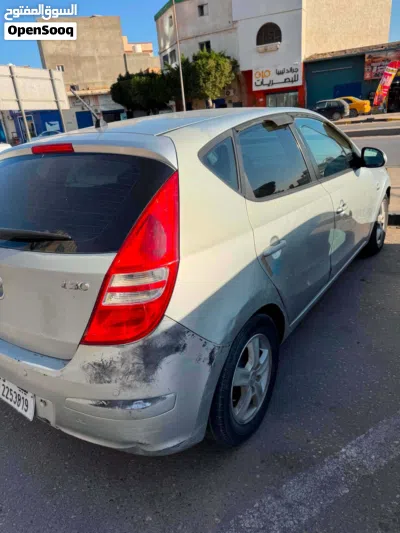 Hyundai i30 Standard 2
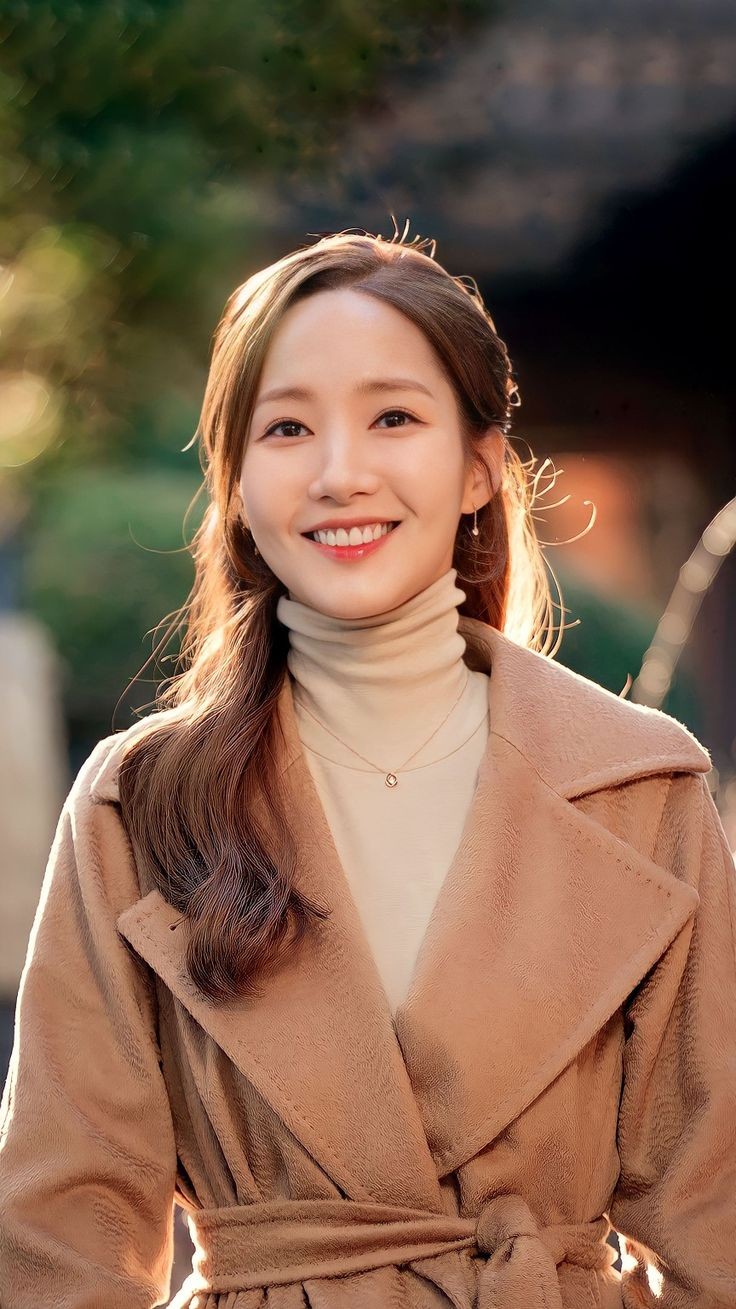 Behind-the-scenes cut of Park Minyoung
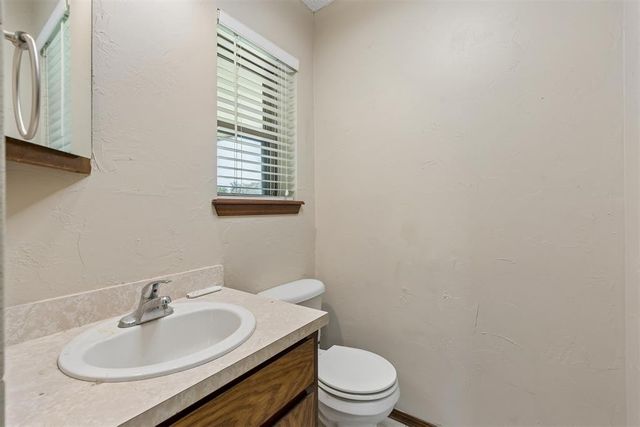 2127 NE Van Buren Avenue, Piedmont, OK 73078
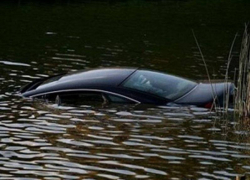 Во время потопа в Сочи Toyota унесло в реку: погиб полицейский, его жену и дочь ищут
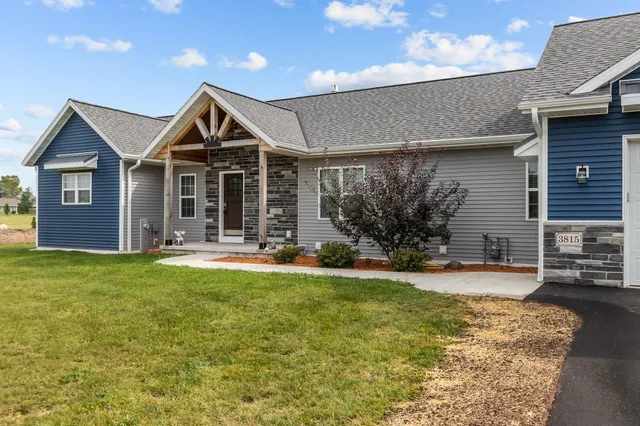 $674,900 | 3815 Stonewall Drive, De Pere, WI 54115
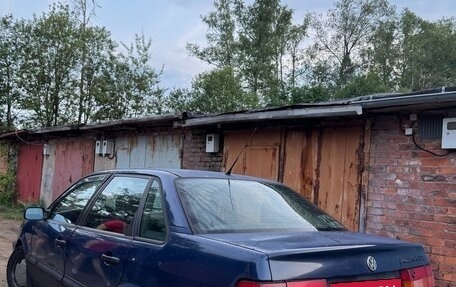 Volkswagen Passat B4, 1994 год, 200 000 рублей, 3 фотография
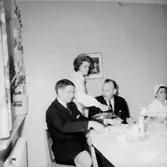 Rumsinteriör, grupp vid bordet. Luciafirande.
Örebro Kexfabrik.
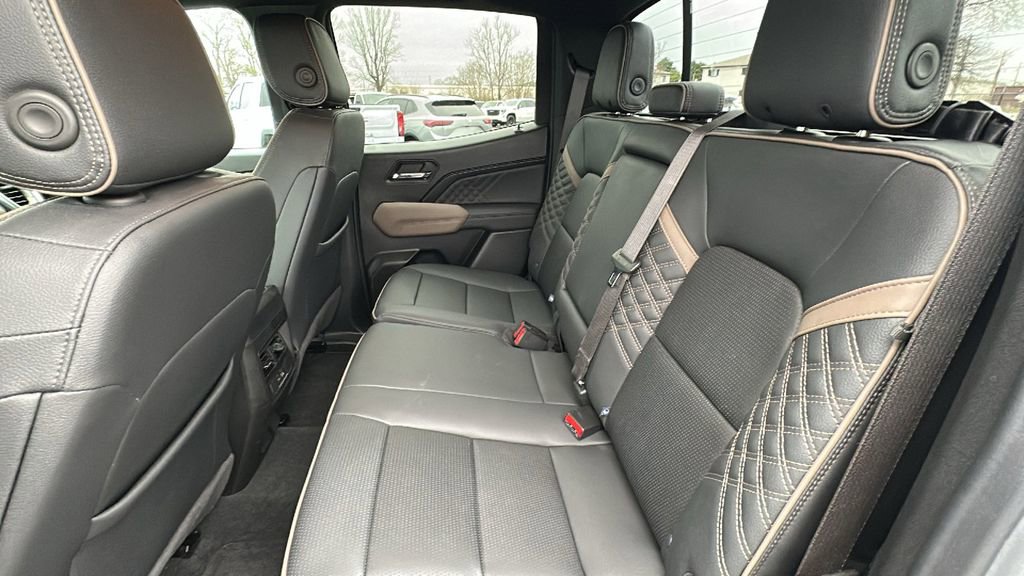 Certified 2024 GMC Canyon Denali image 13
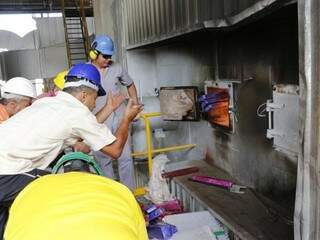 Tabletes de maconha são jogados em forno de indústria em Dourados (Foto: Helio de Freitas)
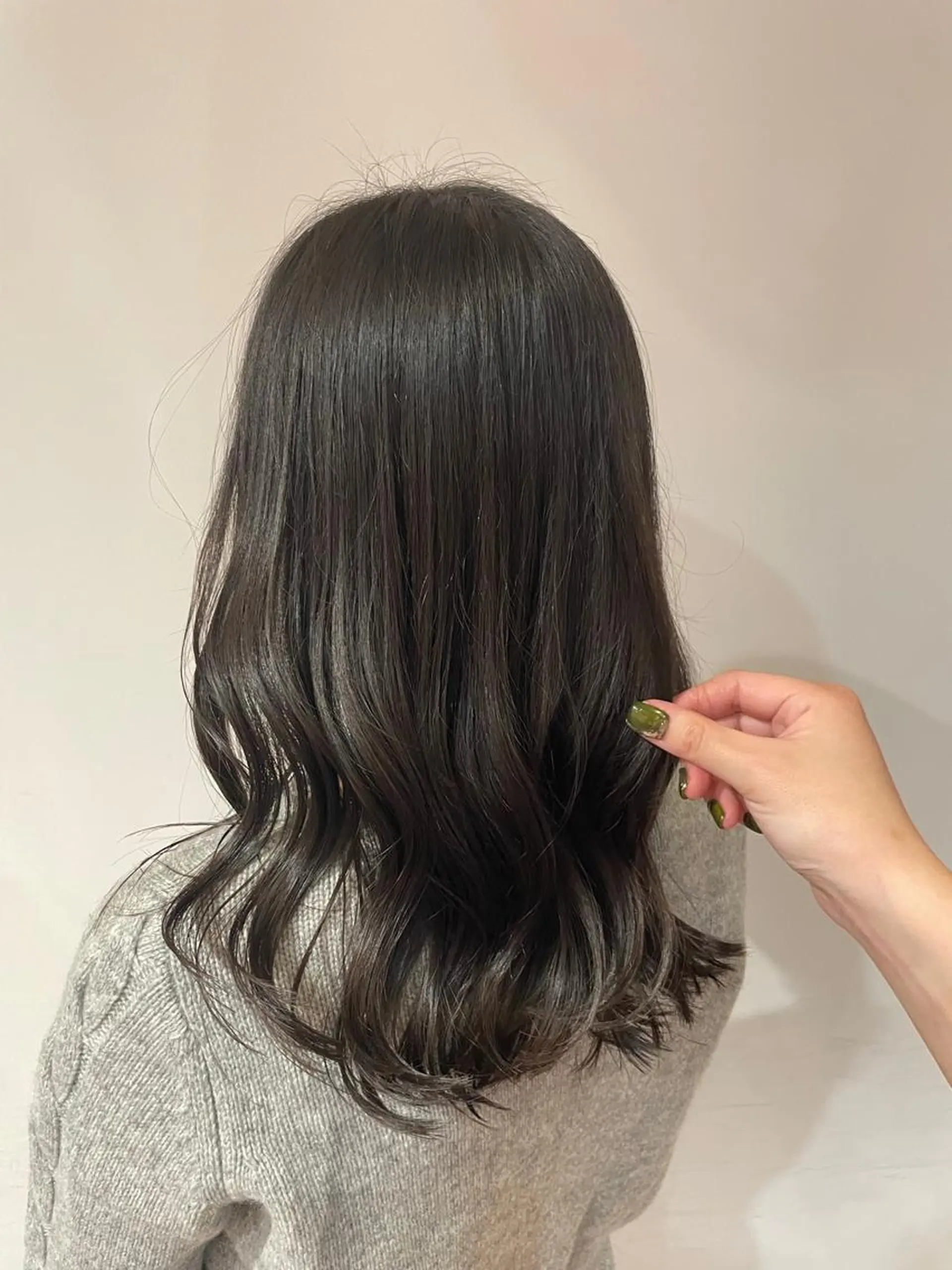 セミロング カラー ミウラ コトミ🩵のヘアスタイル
:::::
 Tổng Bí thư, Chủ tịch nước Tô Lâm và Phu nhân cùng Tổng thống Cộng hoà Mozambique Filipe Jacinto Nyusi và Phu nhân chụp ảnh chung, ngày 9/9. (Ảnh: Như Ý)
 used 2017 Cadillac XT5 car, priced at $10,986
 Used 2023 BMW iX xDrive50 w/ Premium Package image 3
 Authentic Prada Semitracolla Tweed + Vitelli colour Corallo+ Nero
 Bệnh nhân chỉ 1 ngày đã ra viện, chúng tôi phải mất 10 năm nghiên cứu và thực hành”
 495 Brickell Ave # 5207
:::::
_Activity:_ In the entries above, how many lines hold the word "ngày"? Answer with the number only.

_Solution for this problem:_ 2